On Wed, Dec 9, 2009 at 9:03 PM, James Perry <jperry at mezeo.com> wrote:
> Hi Gianluca,
>
> You have described exactly what I'm doing to test this.  I kill the postmaster process.  I've tried both a script resource as well as a postgres-8 resource but neither seem to work.  What's odd is that I can relocate the service to either node without issue.  It's only when I "Break" a node does the recovery fail.
>
> Could this be a CentOS version issue?  I'm using CentOS 5.3.
>
> Let me try to clean up all my resources and try again.  I'll also be installing a CentOS 5.4 to see if that matters.
>
> Would you by chance have an example cluster.conf file that has Postgres and DRBD?
>
> Thanks!
>

probably we are going off topic; sorry to the list...
I have not managed PostgreSQL in a HA environment yet.
But I think I was partially wrong inside my previous post.

Important: Always return "0" if the status is non-fatal.
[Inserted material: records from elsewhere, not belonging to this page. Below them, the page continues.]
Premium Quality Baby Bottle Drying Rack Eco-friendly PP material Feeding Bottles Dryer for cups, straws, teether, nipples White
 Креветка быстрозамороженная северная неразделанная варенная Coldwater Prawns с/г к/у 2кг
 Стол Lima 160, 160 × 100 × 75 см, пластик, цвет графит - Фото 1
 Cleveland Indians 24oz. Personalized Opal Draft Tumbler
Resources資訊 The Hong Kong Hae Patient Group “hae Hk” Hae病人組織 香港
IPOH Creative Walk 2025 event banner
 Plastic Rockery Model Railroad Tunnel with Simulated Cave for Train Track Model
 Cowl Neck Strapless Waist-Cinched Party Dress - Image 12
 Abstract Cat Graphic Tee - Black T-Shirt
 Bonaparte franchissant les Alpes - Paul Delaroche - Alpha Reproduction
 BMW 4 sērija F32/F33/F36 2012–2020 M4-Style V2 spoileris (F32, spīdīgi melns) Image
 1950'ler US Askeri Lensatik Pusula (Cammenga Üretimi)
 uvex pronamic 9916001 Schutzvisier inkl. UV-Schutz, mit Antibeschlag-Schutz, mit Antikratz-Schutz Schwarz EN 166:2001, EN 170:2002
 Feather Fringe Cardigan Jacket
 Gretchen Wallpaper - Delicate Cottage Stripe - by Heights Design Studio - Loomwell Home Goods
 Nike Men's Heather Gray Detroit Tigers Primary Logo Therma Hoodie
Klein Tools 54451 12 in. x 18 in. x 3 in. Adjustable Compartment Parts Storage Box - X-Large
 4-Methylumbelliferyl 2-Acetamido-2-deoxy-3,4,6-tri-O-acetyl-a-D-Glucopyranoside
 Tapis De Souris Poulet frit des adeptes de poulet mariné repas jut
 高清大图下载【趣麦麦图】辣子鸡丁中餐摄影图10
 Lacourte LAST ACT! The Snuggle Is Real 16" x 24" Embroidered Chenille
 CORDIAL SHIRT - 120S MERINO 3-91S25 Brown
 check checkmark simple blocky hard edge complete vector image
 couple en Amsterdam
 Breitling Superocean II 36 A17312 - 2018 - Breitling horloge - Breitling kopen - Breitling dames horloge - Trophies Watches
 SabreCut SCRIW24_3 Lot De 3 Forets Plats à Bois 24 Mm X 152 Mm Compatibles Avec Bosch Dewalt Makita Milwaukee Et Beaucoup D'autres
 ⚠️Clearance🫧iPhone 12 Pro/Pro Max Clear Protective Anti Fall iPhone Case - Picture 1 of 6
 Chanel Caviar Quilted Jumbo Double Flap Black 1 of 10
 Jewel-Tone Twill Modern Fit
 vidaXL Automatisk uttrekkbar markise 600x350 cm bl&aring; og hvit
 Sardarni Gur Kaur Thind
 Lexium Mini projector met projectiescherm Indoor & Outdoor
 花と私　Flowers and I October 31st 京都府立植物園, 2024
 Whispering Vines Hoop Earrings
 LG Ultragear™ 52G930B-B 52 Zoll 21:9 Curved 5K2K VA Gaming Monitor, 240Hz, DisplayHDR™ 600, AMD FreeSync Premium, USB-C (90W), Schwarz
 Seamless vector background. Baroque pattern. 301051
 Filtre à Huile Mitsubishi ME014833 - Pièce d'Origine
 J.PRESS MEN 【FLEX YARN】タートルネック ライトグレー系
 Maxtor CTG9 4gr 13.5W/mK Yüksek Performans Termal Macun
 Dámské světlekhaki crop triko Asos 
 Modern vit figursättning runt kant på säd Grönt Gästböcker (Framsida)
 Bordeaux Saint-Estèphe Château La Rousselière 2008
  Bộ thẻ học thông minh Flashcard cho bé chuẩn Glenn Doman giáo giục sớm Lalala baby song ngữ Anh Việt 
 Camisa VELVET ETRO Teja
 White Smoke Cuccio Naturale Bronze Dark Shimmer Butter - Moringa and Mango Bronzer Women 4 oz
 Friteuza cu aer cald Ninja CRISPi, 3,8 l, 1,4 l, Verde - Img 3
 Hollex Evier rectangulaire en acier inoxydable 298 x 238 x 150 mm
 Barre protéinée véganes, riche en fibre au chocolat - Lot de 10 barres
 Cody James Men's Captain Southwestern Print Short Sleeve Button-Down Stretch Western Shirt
So in both cases where you get 1 or 3, they are fatal.... and my
answer was not correct

I think you should read
http://sources.redhat.com/cluster/wiki/FAQ/RGManager

and in particular the sections regarding:
The rgmanager keeps stopping and restarting
mysql/named/ypserv/httpd/other script. Why?
and eventually
Can I have rgmanager behave differently based on the return code of my
init script?

One aim of rhel 5 was to have all the init scripts LSB compliant (in
particular this means that a stop action against a not running service
should always return 0)
See https://bugzilla.redhat.com/show_bug.cgi?id=151104

As they provide a custom ocf script for PostgreSQL, probably they
didn't correct the standard init script
Here @home, where I'm sitting now, I don't have CentOS/RHEL; but I
have an F11 system and still I get on it:
[root at tekkaman ~]# service postgresql stop
Stopping postgresql service:                               [  OK  ]
[root at tekkaman ~]# echo $?
0
[root at tekkaman ~]# service postgresql stop
Stopping postgresql service:                               [FAILED]
[root at tekkaman ~]# echo $?
1

When you manually relocate, you start in a situation where you have
the service running, so that the stop action succeeds and the same is
true for the start action on the other node.
When you kill postmaster, at the first check the status action fails,
so that rgmanager is designed to
1) stop the service (I think to eventually clean things in case of
improper termination of service, to release locks, and more
importantly to protect from data corruption)
2) start the service (and its dependencies then if successfully) in
the other node

As the stop fails too, rgmanager gives up (probably you get your
service in a FAILED state, I presume).
It thinks this way: if I'm not able to cleanly stop the service,
probably it is better not to try to start it on the other node.....
DATA protection is first priority...
and I agree wit this!

So probably your choice is between:
1) manually modify postgresql standard init script
2) use the provided ocf resource postgres-8

I warmly suggest 2).... did you try it?
HIH,
Gianluca